Over the course of one day private detective George Webb thinks about his life--the things he has done, the things he has ongoing, his relationships. A disgraced former cop and current private detective, a divorced father of an adult daughter, a man in a relationship of sorts with a former client serving 10 years for murder. A murder he might have stopped had he known it would occur. He himself can't figure out if he should--or how he could--get out of this relationship that consists of visits every 2 weeks.
This book is a bit of a puzzle itself--as George recounts different parts of his past, the reader must fit them all together. The story is not linear, the story is one man thinking about different people and events at different times of his day.
I enjoyed this, though I am sure I missed a few things in trying to piece it all together.
The Light of Day - Graham Swift. This is a story of a murder.
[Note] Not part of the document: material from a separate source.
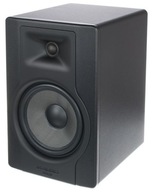 M Audio BX8 D3 Štúdiový monitor 8 palcový Art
The main character, George is an ex cop, private investigator, who was hired by Sarah to follow her husband who was having an affair with a refuge. I found the book to be painfully slow and repetitive. The author reveals the story slowly, as is a common, but really, it could have been a lot less pages and it really never goes anywhere. It is a story of one day, the two year anniversary, and is the stream of conscious of the detective, George. I don't feel anything for any of the characters. I really enjoyed his book, Waterland, but this one, not so much. Rated it 3.5 stars.
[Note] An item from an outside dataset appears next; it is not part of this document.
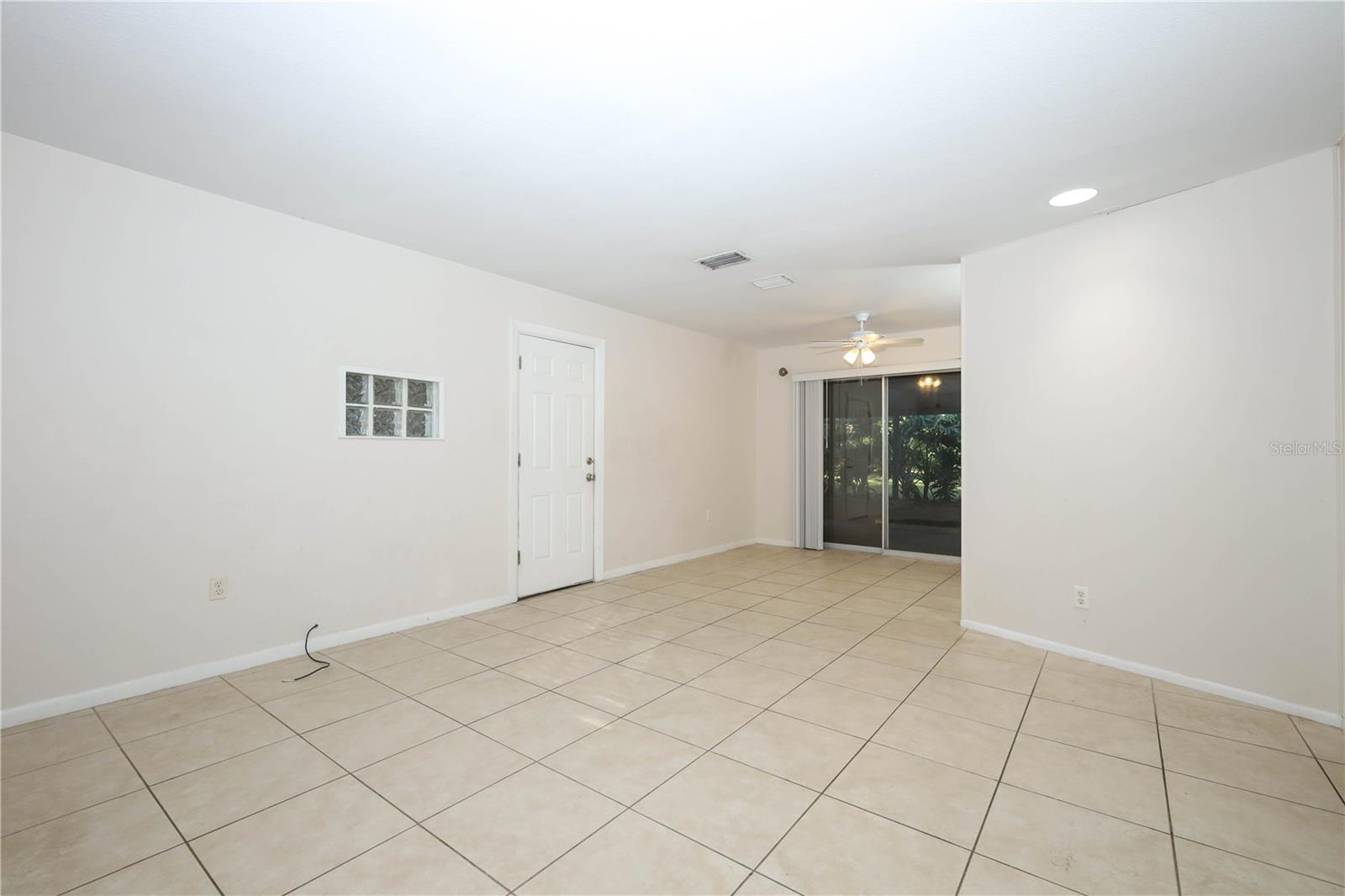 LAKE BRANTLEY HILLS - Residential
The way the book is constructed, always staying within the mind of our main character, means that the timeline is that of his thoughts and not of the actual unfolding of events. We the reader find out about the murder early on, meet Helen without realizing until much later that she is a daughter, hear of Rachel way before learning why she leaves George and way before understanding who Dyson is. We meet Rita and are told she will leave George's employment soon but have to wait quite awhile before finding out why. These mysteries create a small tension that is more compelling through most of the book than the actual murder.
The writing is very sparse, mirroring the noir mystery genre of the private detective as tough guy with the heart of gold. However, we slowly come to realize that this book is not a murder mystery but a book about obsession, redemption, what humans grasp for in a relationship and what they are willing to give up. The book is about the holes in our psyche that we will do almost anything to fill. Another theme is that of words, what they can depict and what they are incapable of depicting.
George often thinks about the weather, the rain falling, or the sun and what it is highlighting. He also reflects back on some key moments in his childhood in which he does things for love and is not rewarded for it.
Although I enjoyed the prose, I was mildly suspicious of the author throughout the reading as if he was building a wonderful experiment in writing style rather than writing a novel (as if there is a difference). The characters were not as fully fleshed as I would have liked.
However, there were moments in which I felt that Swift emotionally delivered. The reveal moment in which we the reader visualize exactly what Rachel sees that causes her to act violently worked for me. I felt it in the gut.
3.5 stars

This is a character study rather than a plot driven novel, and all of the characters are flawed. The writing style is deliberately choppy, with short sentences, short chapters, and a narrative that jumps about in time. After I adjusted to this, I found it engrossing, although there were times when I wished it would just continue in a straight line and tell me what happened next.

This book is very much a product of the 1990s, a rather predictable story of tawdry relationships that are incomprehensible to anyone but the protagonists, set in a dull suburban milieu. There are no twists or surprises, with every revelation being exactly as the reader has been led to expect. The character study of George’s obsession is sometimes convincing, but I cared nothing for him or any of the other self obsessed characters.
Rather disappointed in my first Swift, but I liked the quality of the writing and would read more by him.

The claustrophic and choppy tone does a great job at evoking George's inner turmoil. But, I didn't really feel for George and Sarah's relationship to be honest? I understood George's need for connection after the story of his wife is revealed, and felt sympathy for that, and how Sarah's life was upturned by one event that got out of control, but as a couple...eh. I feel like it was more "I'm banking on this relationship to fix things" as opposed to a healthy maybe even genuine relationship I was rooting for? And I'm not sure if the book was on my side or not about that one.
The story involves George, a disgraced policeman turned private eye, and a day in his life. As the day develops we realise it is no usual day - it is the second anniversary of a murder and the story shows us George living this one day and the reflections that this event promotes within him. This is an unconventional crime novel - we know the crime and the criminal from very early on. But the developing layers on layers of story as we learn more about the main character and the events around that day just keep adding depth and emotion to the narrative.
Both our "corrupt cop" main character and his love interest are characters who would usually be seen as unsympathetic by a reader but their story is told with such tenderness that this can be overlooked; nobody is perfect, nobody is without sin in this book, which seems realistic.There is a hopefulness to this novel that is so wonderful. Like George, we start to long for the day that Sarah can see the light of day again.
It is told in a non-linear way, with short paragraphs. I initially struggled with it but soon fell in love with the prose.